Basque bil(h)o 'hair, mane' is an interesting word. In compound with the verb utzi, itzi 'to leave' it gives biluz 'naked', biluzi 'to get naked' (with many variants: biloiz, bilaiz(i), bileiz(i), biluxi, buluzi, buluxi).

The etymology of this word has puzzled more than one Vascologist, specially given its similarity to Latin pilus '(a single) hair'. But a borrowing can be safely discarded due to phonetical reasons, because Latin -l- would have given -r- in Basque.

An alternative source from Latin villus 'tuft, lock of hair; hair' (probably an Italoid loanword parallel to Baltic *wil-na 'wool') was then proposed, but I find this unrealistic.
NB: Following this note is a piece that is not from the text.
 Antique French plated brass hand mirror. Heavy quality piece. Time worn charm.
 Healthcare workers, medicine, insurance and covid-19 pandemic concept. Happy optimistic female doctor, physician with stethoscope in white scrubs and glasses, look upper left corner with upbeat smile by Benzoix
My own view is that Basque bil(h)o and Latin pilus are one and the same Cantabrian word, ultimately related to PNC *p’VħVɫV 'feather; mane' (an etymology proposed by Bengtson).

Other 'hair' words found in IE languages come from this Vasco-Caucasian root. In particular, Greek púligges [pl.] 'hairs of the body' and Sanskrit pulakās [pl.] 'bristling hairs of the body' are similar to Nakh *pēla-k’ 'feather'.

The Tyrrhenian counterpart of bil(h)o is Basque ule 'hair', ile 'hair, wool', with several doublets in compounds. The meaning 'wool' suggested to some authors a possible borrowing from Gothic wulla < Proto-Germanic *wullō(n), but this rather makes me think PIE *w̥lH2neHa- 'wool' could be in fact a very old Vasco-Caucasian loanword: *p’VħVɫV > *bVlħV > *wVlħ-, with merging of b/w in PIE (where the voiced labial stop is very rare).

1 comment:

  1. Similarity of 'fluff' to plume/flume/fill/fowl/foal?